Fig 1. Six vegetation zones investigated in this study at Holme Moss, with identifying name and abbreviation.

Further information about each zone is provided in Table 1. Site photographs are provided in S4 and S5 Figs.

Table 1. Description of the vegetation zones investigated in this study.

The impacts of anthropogenic disturbance on the vegetation are evident at the site, which exhibits very low density and diversity of peat-forming Sphagnum mosses, and a dominance by sedges such as Eriophorum vaginatum. A small portion of the site still supports what we classify as unmanaged original vegetation (U.OV), comprised of Vaccinium myrtillus and Calluna vulgaris or Erica tetralix, similar to the M19 and M20 habitats of the National Vegetation Classification [31]. Management of this moorland area has changed in recent years with the increasing amount of restoration activity. This has necessitated the removal of sheep grazing to enable vegetation re-establishment.

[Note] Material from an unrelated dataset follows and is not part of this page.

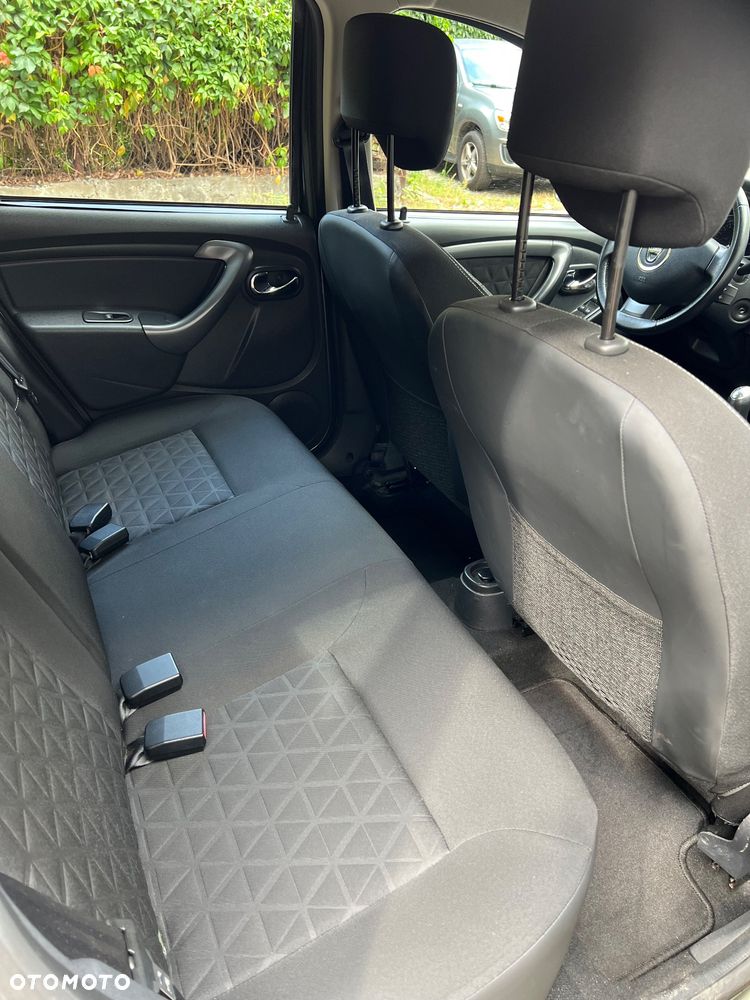 Dacia Duster 1.6 Laureate - 17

Restoration at Holme Moss was first initiated in 1985 to remediate damage resulting from installation of a large radio transmitter mast, leading to the managed establishment of the restored 25-year-old heather (Calluna vulgaris) dominated site (M.25). More recently, fertilizer, lime and nurse grass (M.RG) (including Festuca, Lolium and Agrostis spp.) were applied in April 2008 to the surrounding bare area. Heather brash was then applied in February 2009 to effectively protect and seed the grass areas[16, 32], eventually leading to the emergence of young heather plants (M.YH) within the stabilised grass areas. Some areas of bare peat were deliberately left untreated for this experiment (D.BP). Severe gullying of some bare peat areas has eroded the peat to the gritsone bedrock allowing for natural regeneration of acid grasses albeit in combination with severe loss of peat; we classify these areas as unmanaged gully (U.Gu)[12].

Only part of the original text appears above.